It's so simple, and yet so powerful. We change the way we breathe when stressed, anxious, depressed, frightened, relaxed... When sad or grieving we may tend to sigh deeply. When tired we yawn. When anxious, fearful, or stressed we tend to take short, shallow breaths and may even hold our breath without realizing it. The rhythm of our breaths and the length and depth of our breaths send important messages to the brain which then alerts the body "Get ready!", "Look out!", "Be careful". You know that edge of your chair feeling when watching a scary or suspensful movie? You brace yourself, your muscles tense, and you might even hold your breath. Whether you are really being chased or just watching someone else being chased your body responds. It doesn't matter if it is real, fiction, or a memory. With those changes in breath, tension, and posture the body responds by releasing biochemicals that prepare us for fight, flight, or freeze.
Sometimes tension and stress accumulates and we all need to find ways to de-stress and relax. Being mindful of your breath is one way to take charge of stress levels and work on learning to manage daily stress in the moment. With practice the following breathing exercises can have a greater impact and can become very helpful when coping with the daily frustrations and stresses we face in our lives.
Take a moment and bring your attention to your breath and any tightness or tension in your body. At first, just observe. Are your breaths shallow and only filling the top portion of your lungs or are they deep and expansive? Place a hand over your ribs and take a very deep breath feeling your chest rise and your rib cage expand. Exhale slowly and smoothly. Try taking five deep and relatively slow breaths observing the feel of the air entering your body, the rise and fall of your chest, and the full expansion of your lungs. Notice if you are able to let go of a little of your body tension on the exhalation. Try to make these breaths as smooth as possible and do not pause after your inhalation or exhalation. In other words, do not hold your breath. Notice how your body feels after five deep breaths. Do you feel a little calmer and more relaxed?
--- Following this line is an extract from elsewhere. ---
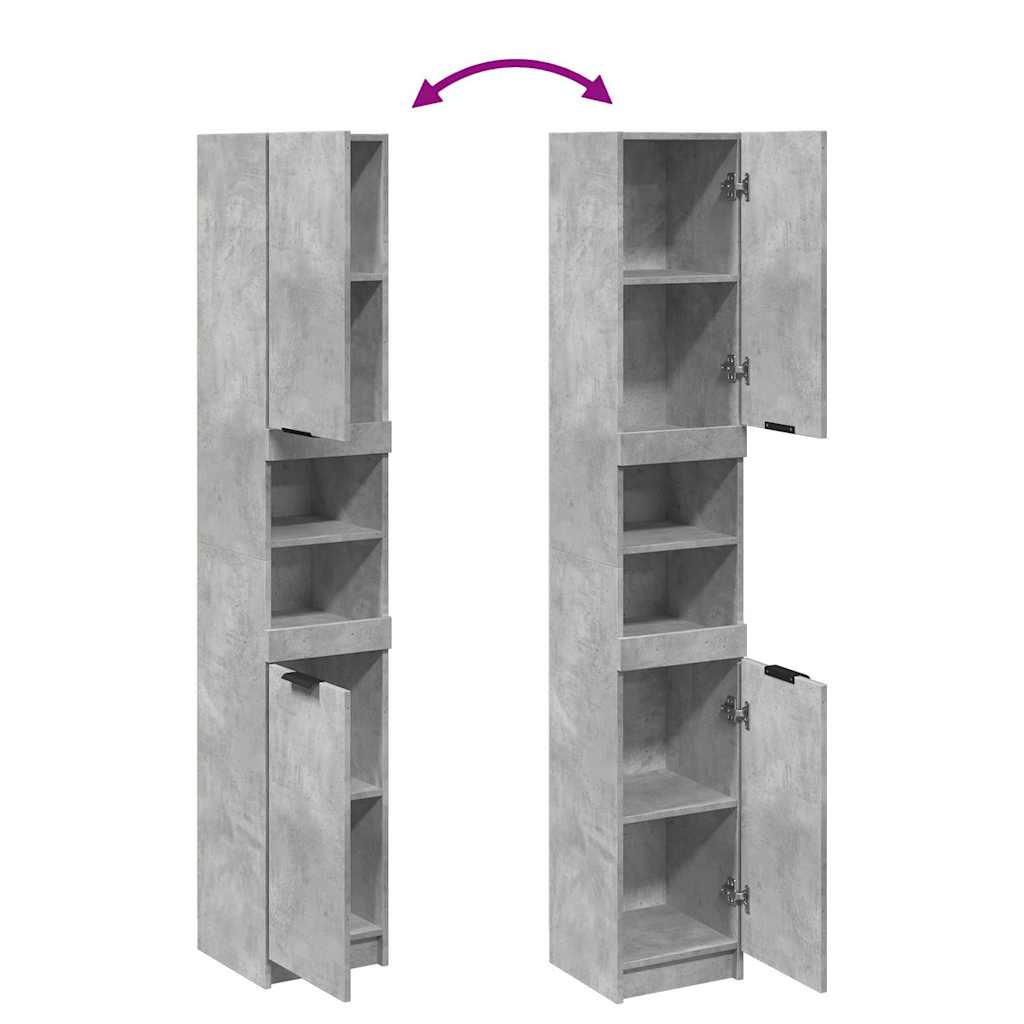 Mobile da Bagno Grigio Cemento 32x34x188,5 cm Legno Multistrato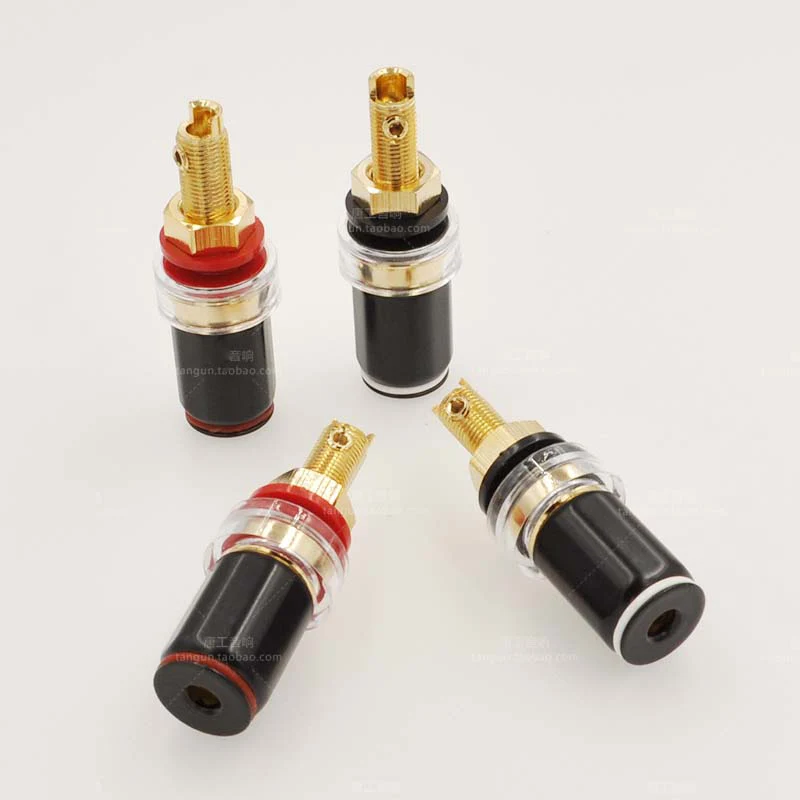 High quality pure copper gold plated speaker amplifier welding-free wire column banana plug socket M8 screw image 3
You may also want to experiment with counting slowly as you inhale and exhale. Are the inhalation and exhalation about the same? With practice over time, try extending the length of your inhalation and exhalation working to make them longer, smoother, and about equal. You can also focus on a word or phrase that helps you to relax. For example, you could focus on breathing in calm and exhaling while letting go of tension. The beauty of this simple exercise is that you can practice it anywhere and anytime. Try taking three to five deep breaths at a stop light, in line at the grocery store, before you have to have that difficult talk, or after a stressful day. The more you practice, the greater the results. Obviously, just breathing deeply will not solve our bigger challenges in life, but it can help us to feel calmer and more clear-headed in the process.